▸ **What needs to be done**:
Start at the top of the records and, please, print each line exactly through the line that contains "Usually our projects", leaving out all pictures.

Saved data entries:

_____

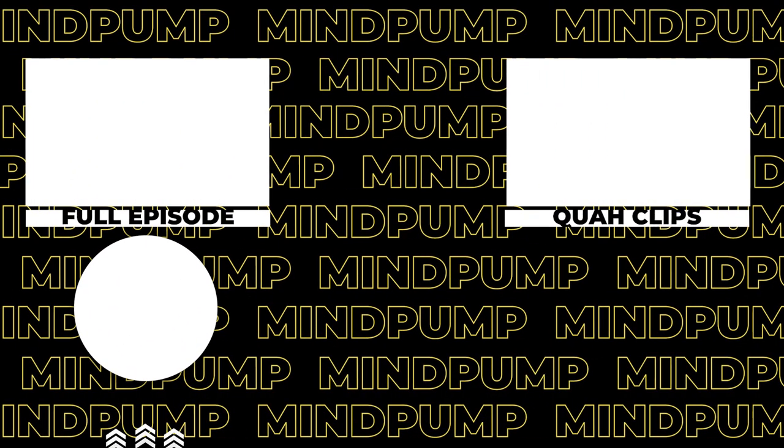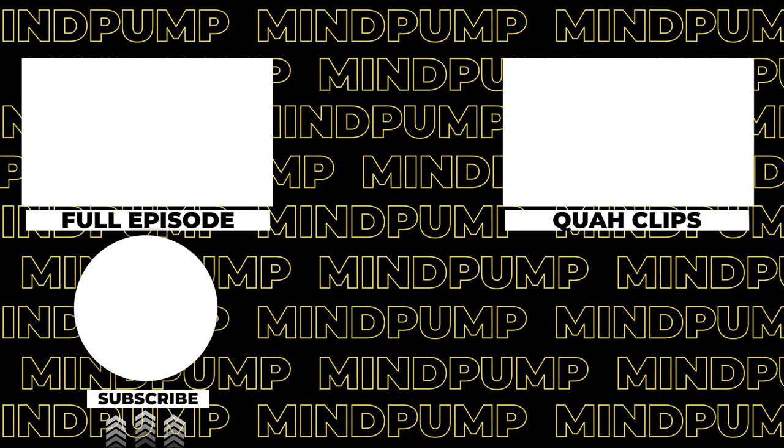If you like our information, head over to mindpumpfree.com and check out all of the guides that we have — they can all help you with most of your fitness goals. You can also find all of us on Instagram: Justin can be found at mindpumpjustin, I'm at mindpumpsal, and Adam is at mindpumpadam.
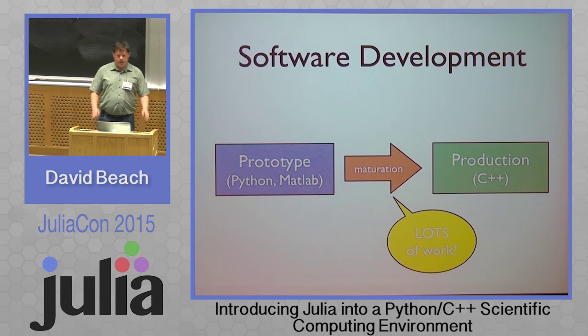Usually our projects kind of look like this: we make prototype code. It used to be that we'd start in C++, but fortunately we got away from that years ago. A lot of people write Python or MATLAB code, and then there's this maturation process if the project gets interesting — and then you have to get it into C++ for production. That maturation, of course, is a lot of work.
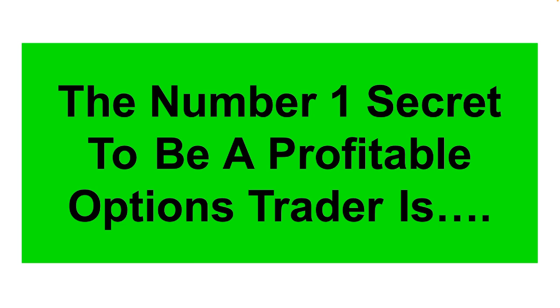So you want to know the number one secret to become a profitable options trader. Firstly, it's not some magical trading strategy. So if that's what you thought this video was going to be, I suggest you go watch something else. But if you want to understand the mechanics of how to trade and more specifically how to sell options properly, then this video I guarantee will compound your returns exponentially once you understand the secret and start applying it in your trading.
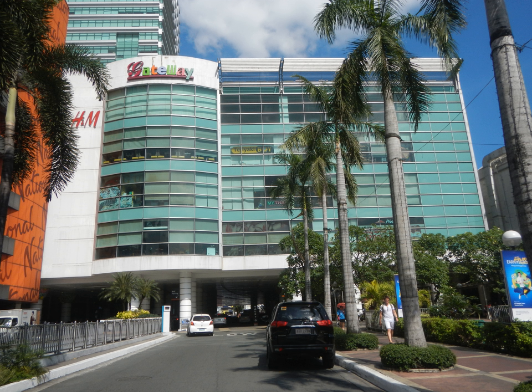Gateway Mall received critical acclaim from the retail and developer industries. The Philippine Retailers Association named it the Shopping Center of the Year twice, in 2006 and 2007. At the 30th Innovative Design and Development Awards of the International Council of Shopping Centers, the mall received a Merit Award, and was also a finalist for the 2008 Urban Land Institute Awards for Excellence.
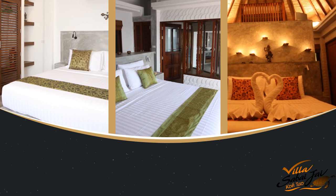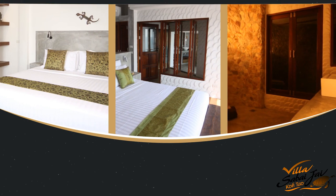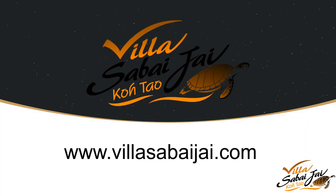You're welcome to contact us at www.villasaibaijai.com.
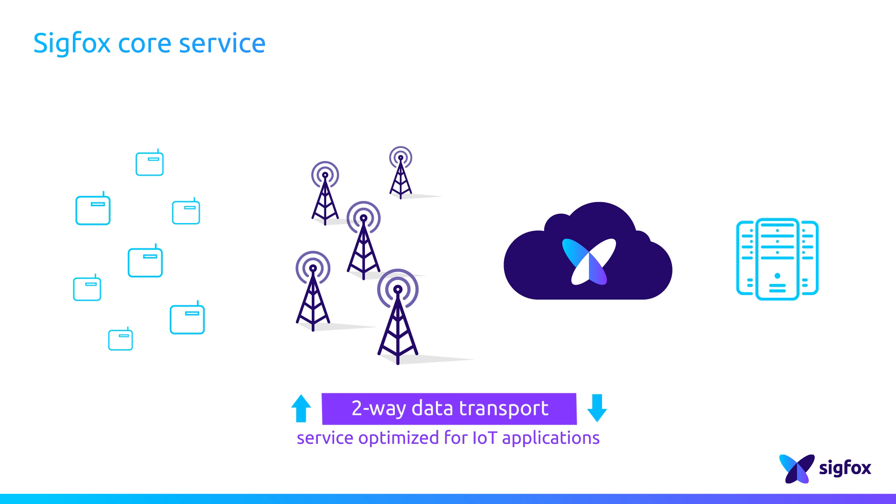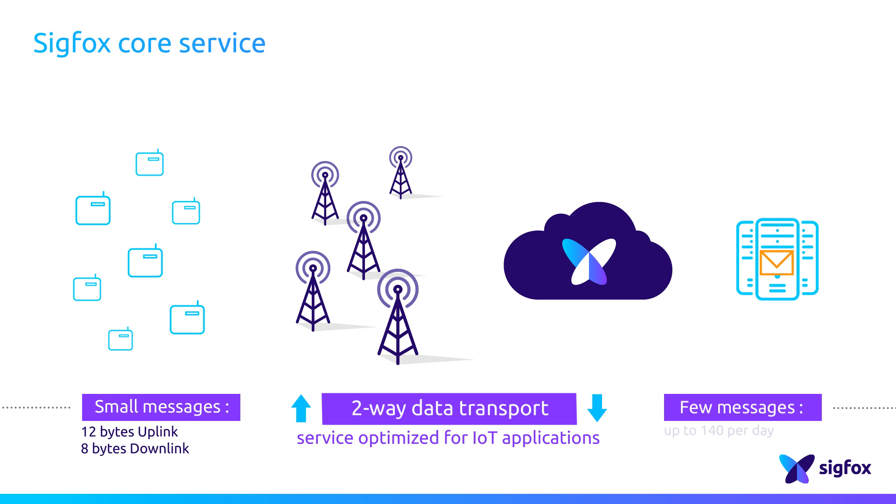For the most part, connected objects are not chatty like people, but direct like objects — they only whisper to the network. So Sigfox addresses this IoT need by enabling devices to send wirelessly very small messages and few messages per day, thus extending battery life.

_____

▸ **Exercise solution**:
If you like our information, head over to mindpumpfree.com and check out all of the guides that we have — they can all help you with most of your fitness goals. You can also find all of us on Instagram: Justin can be found at mindpumpjustin, I'm at mindpumpsal, and Adam is at mindpumpadam.
Usually our projects kind of look like this: we make prototype code. It used to be that we'd start in C++, but fortunately we got away from that years ago. A lot of people write Python or MATLAB code, and then there's this maturation process if the project gets interesting — and then you have to get it into C++ for production. That maturation, of course, is a lot of work.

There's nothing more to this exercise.